Tout de suite après la mort, quelqu'un ferme les yeux du défunt et lui noue une serviette autour de la tête afin qu'il garde sa bouche fermée. On redoute en effet une bouche et des yeux restés ouverts. D'après les traditions, cela annoncerait une nouvelle mort dans un avenir rapproché.

 

Il y a quelques décennies, la personne la plus proche du défunt ou de la défunte était chargée d'annoncer la mauvaise nouvelle aux animaux et aux plantes de la ferme. Ainsi, en 1908, dans un village du Ried, le berger Michel, après la mort de sa femme, prit une lanterne et alla dans les écuries et les étables pour annoncer aux animaux que la maîtresse de la maison était morte. Il pré­vint aussi les abeilles en frappant à chaque ruche et en disant : « D'Madam isch tot ! » (Madame est morte). Il se rendit ensuite dans le verger pour secouer chaque arbre et pour l'informer du décès.

 

On croyait qu'en ne respectant pas ces rites, les animaux et les plantes risquaient de mourir de chagrin. On voulait en quelque sorte dénouer les liens de propriété qui les unissaient au défunt ou à la défunte. Ne pas briser ces liens exposait ces animaux et ces plantes à être entraînés dans la mort. Pendant qu'on prévenait le monde animal et végétal, une autre personne se rendait chez le sacris­tain pour que celui-ci sonne le glas.

 

Dans les milieux catholiques, lorsque le glas funèbre, avec son tintement lugubre, annonçait le trépas d'un des leurs, tous les habitants du village se rendaient dans la maison mortuaire pour donner de l'eau bénite au défunt et pour apaiser ses mânes.

Il y a différentes manières de sonner le glas, appelé en alsacien « Scheidzeichen », ou «Letsläuten ». Elles indiquent le sexe, l'âge et la confession du trépassé. Suivant l'heure de la sonnerie, on peut même discerner le moment de l'enterrement. La grande cloche sonnant d'abord, suivie après une minute des autres cloches, signifie le décès d'un homme ou d'un jeune homme. Si le tintement funèbre commence avec la deuxième cloche, il s'agit de la mort d'une femme ou d'une jeune fille.

 

Dans certains villages, on avait et on a encore l'habitude que des membres de la famille du mort aillent de ferme en ferme pour annoncer la nouvelle et pour inviter à l'enterrement, À cette occasion, on boit dans chaque maison un verre de schnaps (c'est en quelque sorte une drogue) et on évoque avec chaque famille des souvenirs communs concernant le défunt. Les villageois seraient fâchés si on ne leur faisait pas l'honneur de les inviter à l'enterrement. Cette coutume est, en bien des points, semblable à la tournée d'invitation qu'on effectuait avant un mariage.
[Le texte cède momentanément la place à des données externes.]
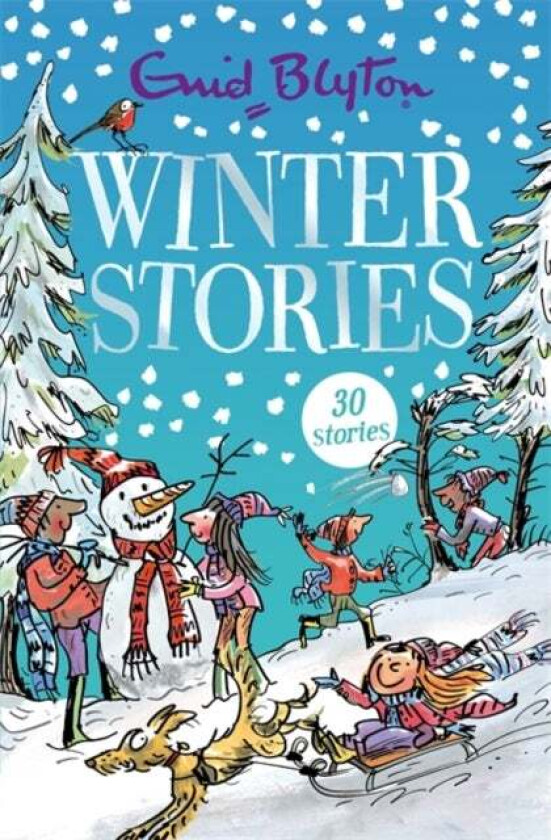 Winter Stories av Enid Blyton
Encore aujourd'hui, quand on annonce à des voisins ou à des amis la triste nouvelle, on évite de prononcer le mot de mort, comme si l'évocation du mot comportait déjà des dangers. L'Alsacien connaît des dizaines d'expressions, plus ou moins pittoresques, qui signifient qu'une personne a terminé sa vie; mais toutes ces expressions évitent de nommer la mort. « Er het de Leffel weggelejt » ou « weggeworfe». (Il a posé ou jeté sa cuillère). « Er het s'Schnüfe vergesse. » (Il a oublié de respirer). « Er hert nimm Mittalitte. » (Il n'entend plus sonner midi). « Er het sin Geburtsschin nabgschlugt. » (Il a avalé son certificat de naissance). « Er het sin Bindel gschniert. » (Il a fait son baluchon). « Er het sin Tannemändele angezeuhe. » (Il a mis son manteau de sapin). «Er isch ins Loch gefalle. » (Il est tombé dans le trou). « Er het ins Gras gebiesse. » (Il a mordu dans l'herbe). « Er het sich den Hals gebroche. » (Il s'est cassé le cou). « Er het dran glawe min. » (Il a dû y pas­ser). « Er isch heniewer. » (Il est passé de l'autre côté). « Er isch ad patres gange. » (Il est allé rejoindre ses pères).

 

Cette manière de philosopher, à travers la sagesse populaire, est une tentative de clarifier et de comprendre ce qui apparaît dans une totale opacité. En donnant l'impression de comprendre, à travers les maximes populaires, cet événement intolérable qu'est la mort, on atténue l'angoisse qui saisit chaque individu placé devant l'inexplicable. Voici quelques-unes de ces expressions: « Wann de Vater sterbt, isch es Brot ewag ; / Wann d'Muetter sterbt, isch es Heim ewag. » (Quand le père meurt, il n'y a plus de pain; quand la mère meurt, il n'y a plus de foyer). «Alles isch ze erstze ass e Menschelawe net. » (Colmar). (Tout peut être remplacé sauf une vie humaine). « D'alti Litt muen sterwe, d'jungi kenne sterwe. » (Les vieux doivent mourir, les jeunes peuvent mourir). « Erscht wenn d'r Baum gefalle isch, seht m'r wie hoch er isch. » (Ce n'est qu'une fois l'arbre tombé qu'on peut voir sa hauteur).

 

Certaines expressions se veulent consolantes : « Er hets iwwerstande, mir han's noch vor. » (Il a passé le cap, nous pas encore). « Es kenne net Alli do bliewe fer's Muschter. » (Tous ne peuvent pas rester comme modèles). « E guet Lewe nemmt e guet End. » (Une bonne vie conduit à une bonne mort). « Sa geht die Zitt zur Ewigkeit. » (Ainsi le temps conduit à l'éternité).

 

On remarque aussi que riches et pauvres sont enfin égaux devant la mort : « Vor em Dod sind alli Litt glich. » (Devant la mort tous sont égaux). « Er geht so wie er kumme isch. » (Il part comme il est venu). «An sin ledschde Kleid het er ken Tasche. » (Son dernier vêtement n'a pas de poche). « Es Dodehemd het ken Säckel. » (Alsace Bossue). (Le suaire n'a pas de poche). « Es isch noch nie e Coffre-Fort noch me Corbillard gefahre. » (Neuhof). (On n'a jamais vu de coffre-fort derrière un corbillard).

 

Les rites qu'il faut respecter après la mort

 

Après que la mort a frappé dans la famille, il fallait et il faut encore accomplir certains rites destinés, d'une part à permettre à l'âme du défunt de s'envoler et, d'autre part, à éviter que la mort ne se propage dans la maison.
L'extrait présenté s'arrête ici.